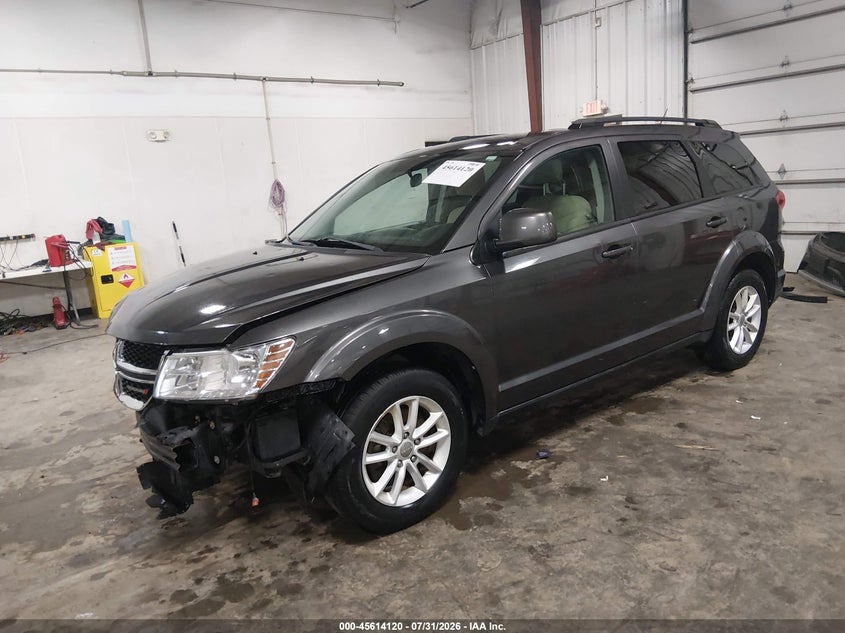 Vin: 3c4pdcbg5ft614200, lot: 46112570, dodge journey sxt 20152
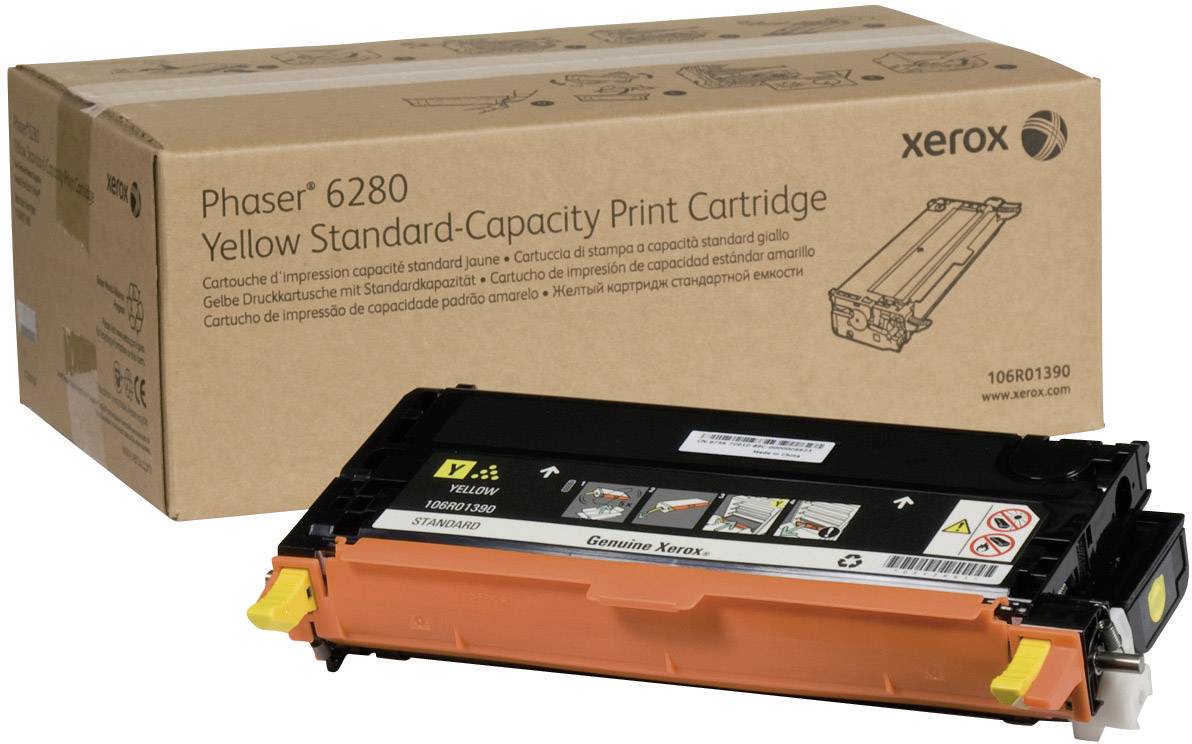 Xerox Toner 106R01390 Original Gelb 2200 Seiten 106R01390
* * *
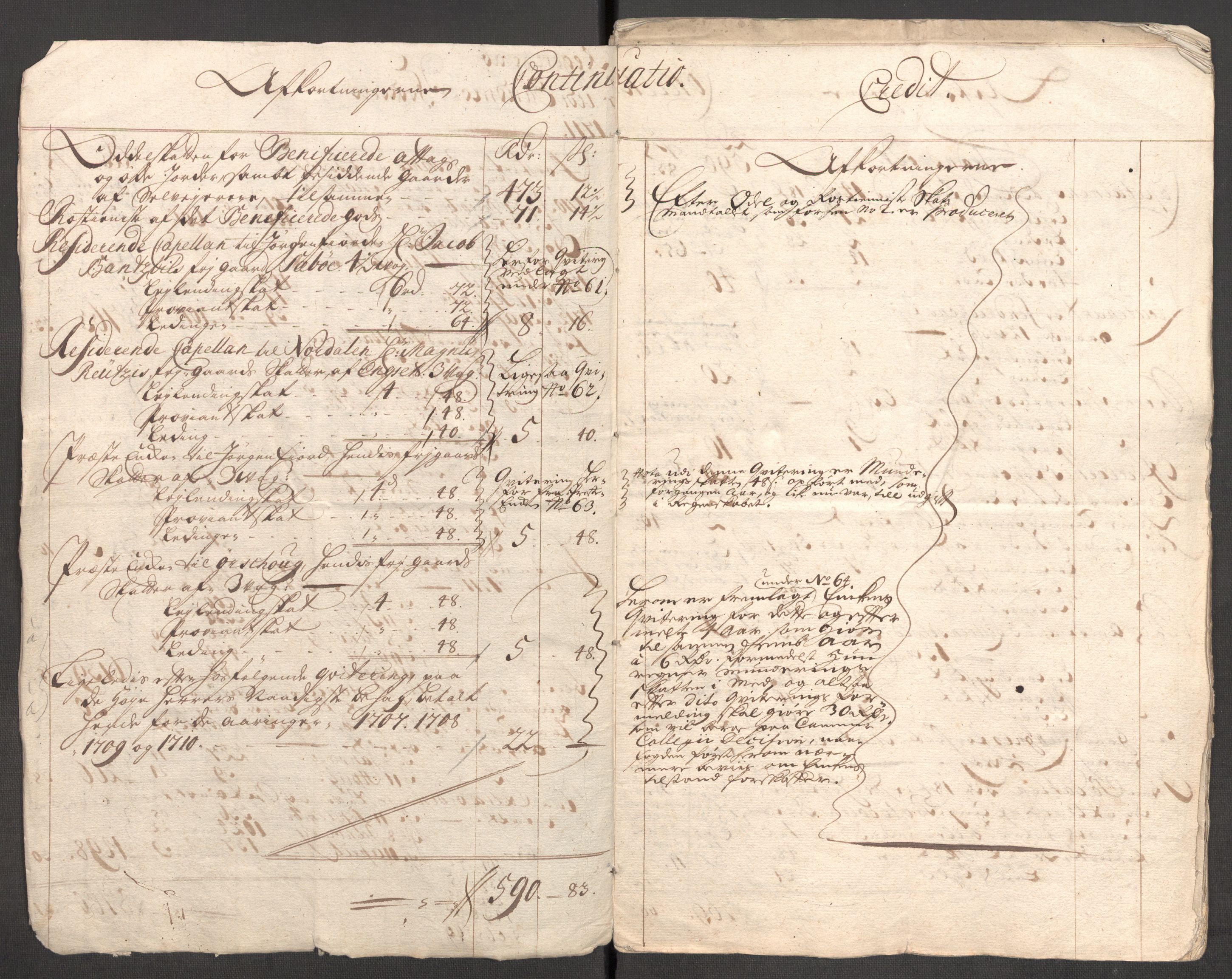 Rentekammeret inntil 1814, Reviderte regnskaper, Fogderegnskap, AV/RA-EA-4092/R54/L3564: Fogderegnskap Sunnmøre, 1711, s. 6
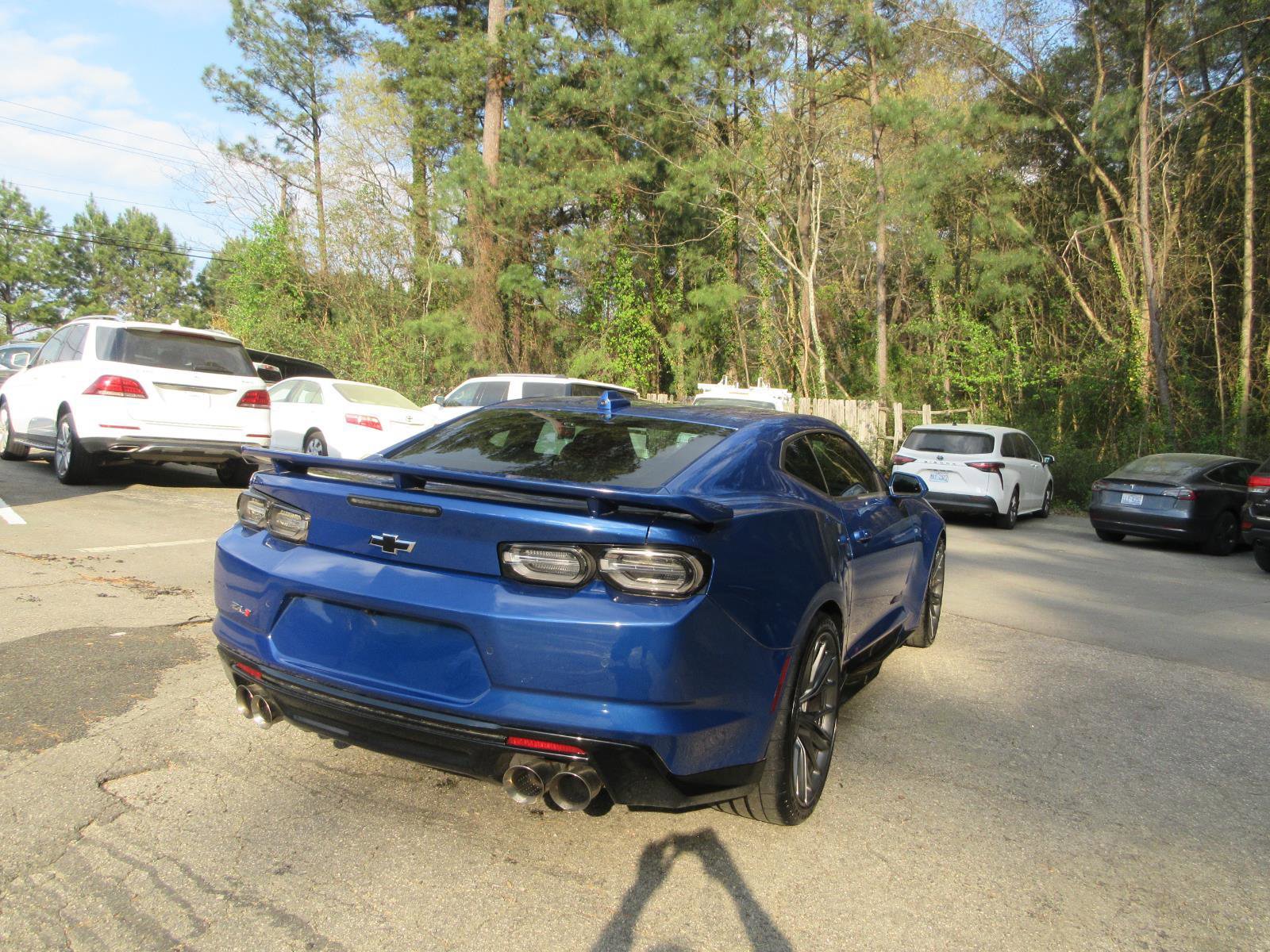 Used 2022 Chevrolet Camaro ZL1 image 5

The problem → Output exactly the lines above, beginning at the one with "Vin: 3c4pdcbg5ft614200, lot: 46112570, dodge" and stopping after the one with "Xerox Toner 106R01390". Pictures are to be omitted.

Expected answer →
 Vin: 3c4pdcbg5ft614200, lot: 46112570, dodge journey sxt 20152
 Xerox Toner 106R01390 Original Gelb 2200 Seiten 106R01390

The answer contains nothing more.